A postagem do dia 24 de julho de 2011, referente a fabricação de vinho caseiro é um dos artigos mais visitados no blog. Contudo nesta nova apresentação pretendo deixar a experiência de outros produtores e do conhecimento do tema adquirido em 24 anos de observação e degustação do vinho caseiro. A informação passada é a mais simples possível para a fabricação do vinho, mas não oculta segredos, e detalhada todo processo de forma verdadeira, mas também são incluídos os mitos populares.
No passado muitos moradores de São Bento do Sul, produziam seu vinho, com as uvas de suas parreiras. O tempo foi extinguindo os pequenos produtores sobrando poucos vinicultores, muitos conhecidos por décadas de tradição, embora nem sempre a uva de hoje é própria da região. As uvas geralmente são provindas do oeste de Santa Catarina: Tangará ou Pinheiro Preto. As uvas escolhidas são a Niágara Branca, Terci ou a Isabel.
É importante que as uvas colhidas, bem maduras, sigam para a adega o mais rápido possível, e neste caso a viajem noturna é a mais recomendada, para preservar as características da uva. A produção de uvas americanas, merecem a atenção para a melhor produção.
As uvas nobres, européias decifram notas de diferentes aromas como chocolate, cravo, ervas, terra etc. Mas no vinho caseiro feito de uvas americanas procura-se a simples apreciação da fruta, o gosto da uva.
|
Parreiras de uva - São Bento do Sul no passado |
PREPARAÇÃO DE BARRICAS
Uma semana antes de receber a uva é preciso preparar as barricas. Estas quando estão sem uso, ressecam pela temperatura ambiente e em alguns casos chegam a desprender as argolas de sustentação. É preciso colocar as argolas no local com a ajuda da quina de um martelo, prender a torneira e encher a barrica com água para a madeira inchar. Mantenha a circulação de água até parar o vazamento. Concluindo esta etapa é importante esgotar a água, secar no sol, por pelo menos um dia, e estar seguro que a madeira secou.
Complementação:Alguns produtores derretem parafina em uma panela e com a ajuda de um pincel revestem as paredes internas da barrica. Também constam que alguns produtores queimam enxofre na parte interna para matar microorganismos.
|
Barricas Santo Gofi - Rio do Areia - Mafra |
MOER A UVA
Recebendo as uvas as barricas já devem estar devidamente posicionadas em uma altura que permite colocar um balde abaixo da torneira. Os cachos inteiros são jogados em moedor de uva. Este moedor pode ter vários modelos sendo: Um rolo de madeira com pregos que ao ser girado manualmente empurra os cachos contra as paredes esmagando a uva. Também pode ter o formato com dois cilindros de madeira que pucham e esmagam os cachos entre eles. Estes cilindros podem ter estrias se intercalando como duas engrenagens.

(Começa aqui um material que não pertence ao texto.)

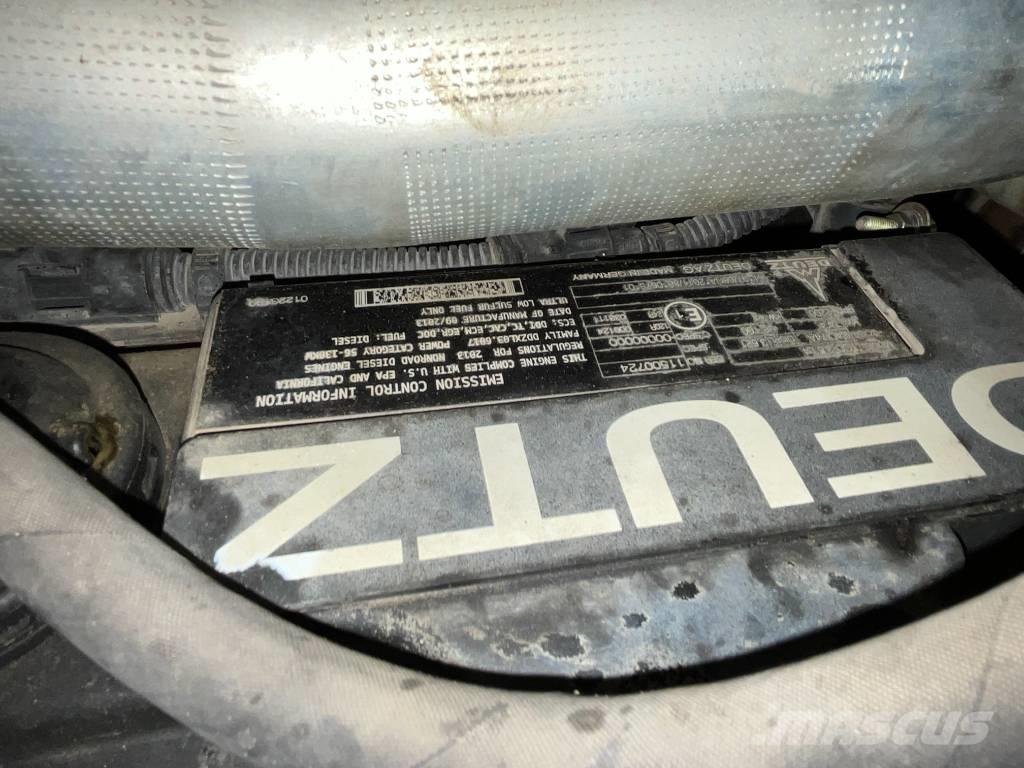 Mecalac 10 MCR Vikšriniai ekskavatoriai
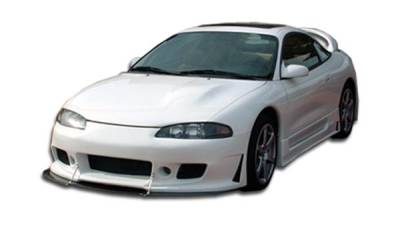 Duraflex - Eagle Talon Duraflex B-2 Body Kit - 4 Piece - 110166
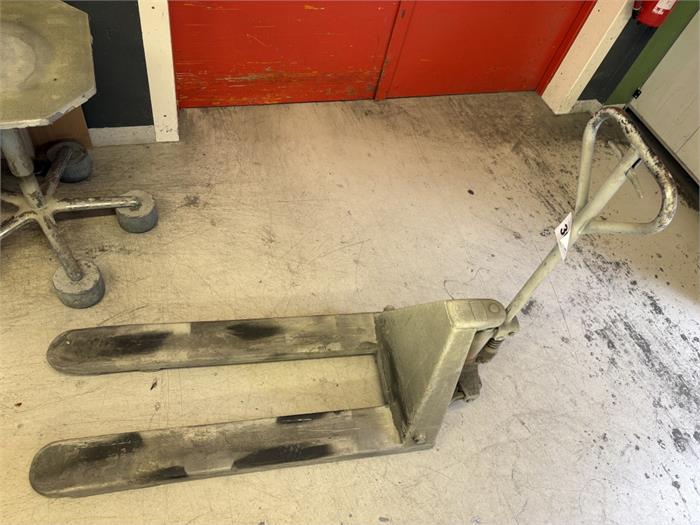 Gabelhubwagen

Complementação: Alguns produtores debulham os cachos separadamente, retirando manualmente as bagas do cacho, para depois moer. Também existem produtores que esmagam as uvas com o moedor e depois retiram o maior número de talos dos cachos possível. Evitar amassar o cacho ou retirar após moer é a tentativa de melhorar a qualidade do vinho que fica mais adstringente com a presença ou esmagamento destes.
|
Gumercindo Eckel - Avencal São Pedro - Mafra |
|
Moedor com roda de pregos |
1 ª FERMENTAÇÃO
Nesta condição a uva fica dentro da barrica por cerca de quatro dias, dependendo do desenvolvimento da fermentação. As leveduras encontradas naturalmente na uva se multiplicam rapidamente fazendo a fermentação acontecer com o açúcar da própria uva. A fermentação separa as cascas do suco, sendo importante, pelo menos uma vez por dia, abaixar o chapéu de cascas para o mosto curtir. O local deve estar com boa oxigenação, sendo bem arejado, permitindo a liberação dos gases de fermentação.
Complementação: Alguns produtores colocam açúcar cristal na barrica, despejando no mosto, para aumentar a fermentação. Este açúcar formará o álcool. Alguns também utilizam o pé-de-cuba, onde uma pequena quantidade de uvas é esmagada e preparada sua fermentação dias antes de receber um lote maior de uvas para a fabricação, sendo incorporados na 1ª fermentação para acelerar o processo.
|
1ª Fermentação - Gumercindo Eckel - Avencal São Pedro - Mafra |
PASSAR PARA GARRAFÕES
Com a redução da fermentação na barrica o suco é retirado pela torneira, com auxílio de uma peneira e um balde, passando o suco para os garrafões de 40L; 50L ou 60 Litros. No primeiro dia ou ainda no segundo dia o garrafão deve ficar aberto, pois ainda vai expelir espuma pelo gargalo. Mas no terceiro dia deve ser fechado com um sistema que permite a saída dos gases da 2ª fermentação sem a entrada de oxigênio. O sistema mais tradicional é usar uma rolha de cortiça ou madeira perfurada para colocar uma mangueira, que fica direcionada em uma garrafa com água. A vedação da rolha pode ser feita com cera, mas é mais eficiente a massa de calafetar.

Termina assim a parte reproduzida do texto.